Monday, July 12, 2010

'Simplify man'


After hearing Andrew Graham briefly mention a book called Simple Church by Thom Rainer & Eric Geiger, I decided to have a read. I am almost halfway through and thought it would be good to write down some summaries of the chapters. So far it has been a really stimulating and thought provoking read.


Chapter One - The Simple Revolution has Begun

The opening chapter reassures the reader that this book is not about another church model. They then proceed to sell on the idea that simple is in and complex is out. They refer to some popular brand names to back it up - Apple (an ipod has one big button, the 'plug and play', their artwork is simple, they have cultlike followers), Google (the amount of white space screams simplicity) and he goes on to show other companies providing quality services with a high degree of simplicity.

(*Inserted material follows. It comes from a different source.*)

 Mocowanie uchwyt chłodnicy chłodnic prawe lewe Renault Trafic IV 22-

Then comes a pretty big claim - they got 400 evangelical churches to complete a survey seeing how simple their church is.

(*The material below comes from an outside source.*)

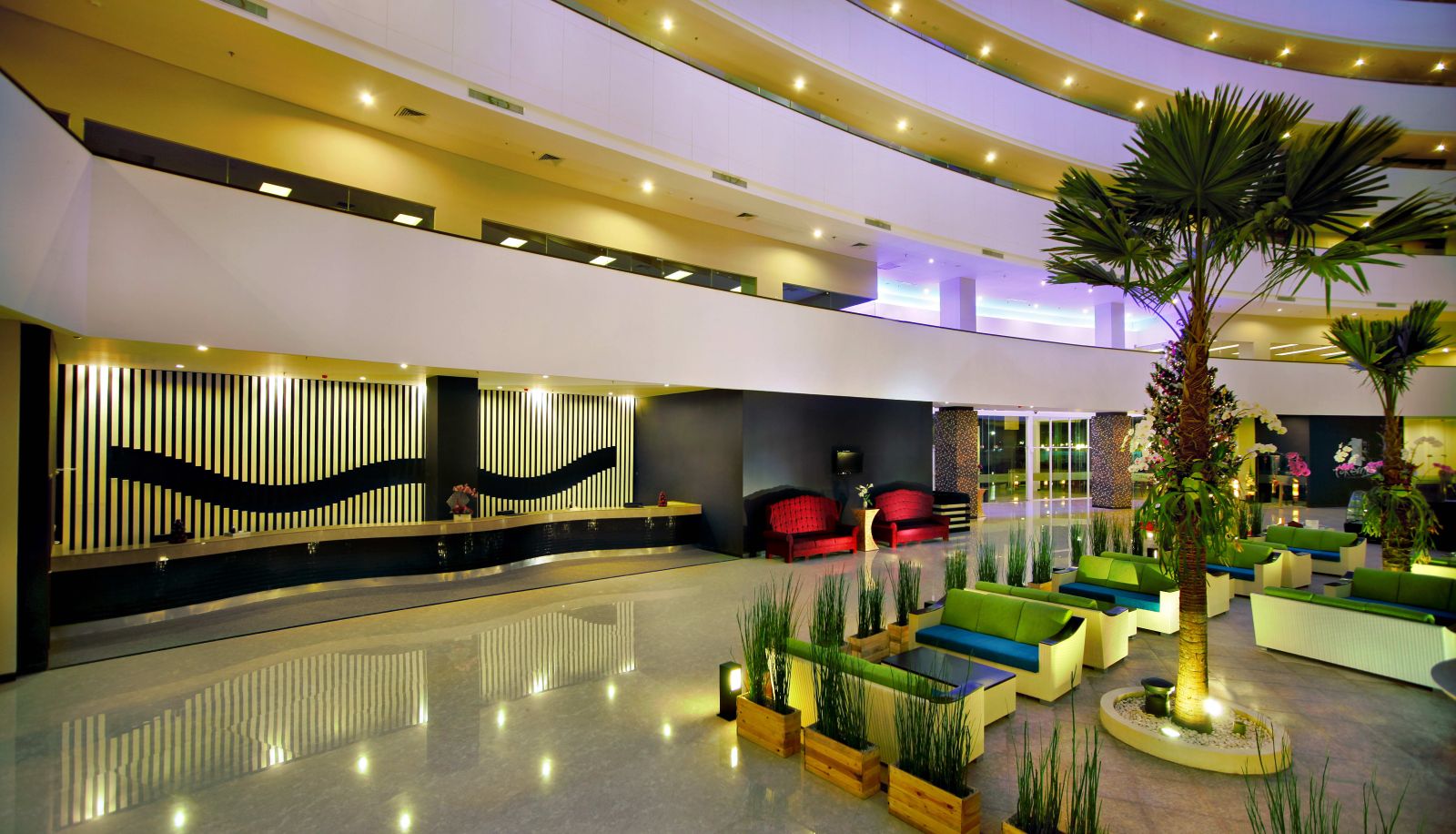 Lobby - Aston Cirebon Hotel & Convention Center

  • Growing and vibrant churches are simple.

  • Complex churches flounder in growing disciples of Christ.


The qualify the statement by saying they are not looking to change doctrine or conviction. Or that simple is the new style or 'hip'. Simple churches are actually mimicking the world but doing the opposite as our world is complex. Nor is simplicity desired for pure pragmatic reasons.

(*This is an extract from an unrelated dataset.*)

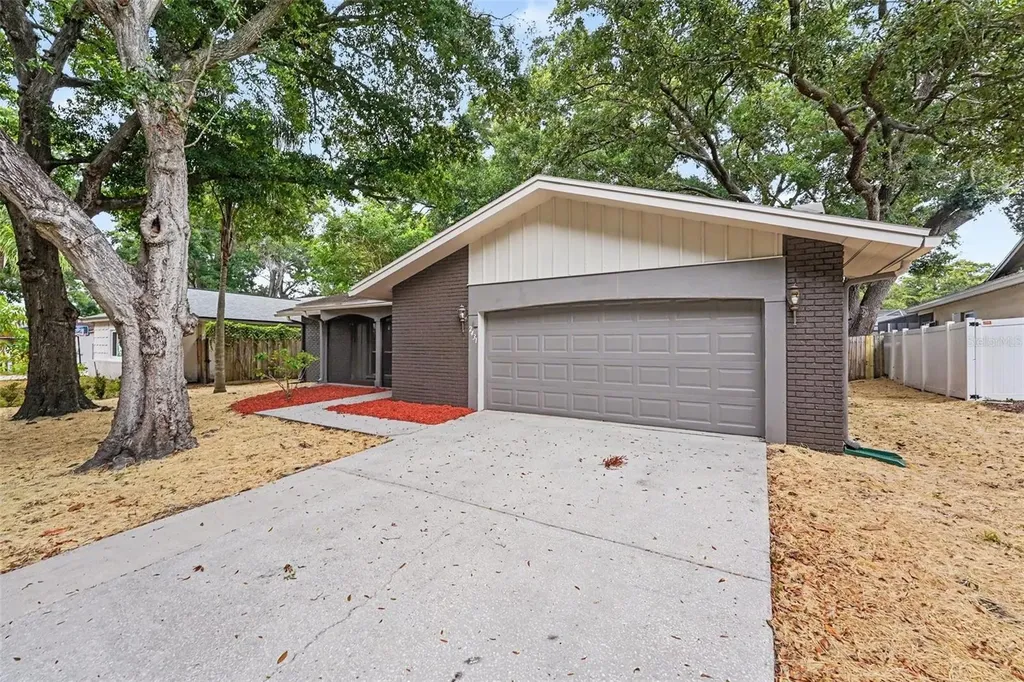 2431 Grove Ridge Drive Palm Harbor FL 34683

They then spend some time theologically justifying 'simple'.

Jesus simplified, e.g. commandments down to the greatest. He offered a simple relationship compared to the Pharisees, 'my yoke is easy and my burden is light'. He decluttered the temple.


The conclusion of chapter one - 'perhaps we are losing ground not despite our overabundance of activity but because of it [...] To have a simple church, you must design a simple discipleship process. This process must be clear. it must move people toward maturity. It must be integrated fully into your church, and you must get rid of the clutter around it'.


My thoughts:

I love the ideas that are thrown up in the opening chapter. I think churches do tend towards complexity rather than simplicity and if you asked a group of people to write down what our church is about I'm positive you would get a large variety of answers.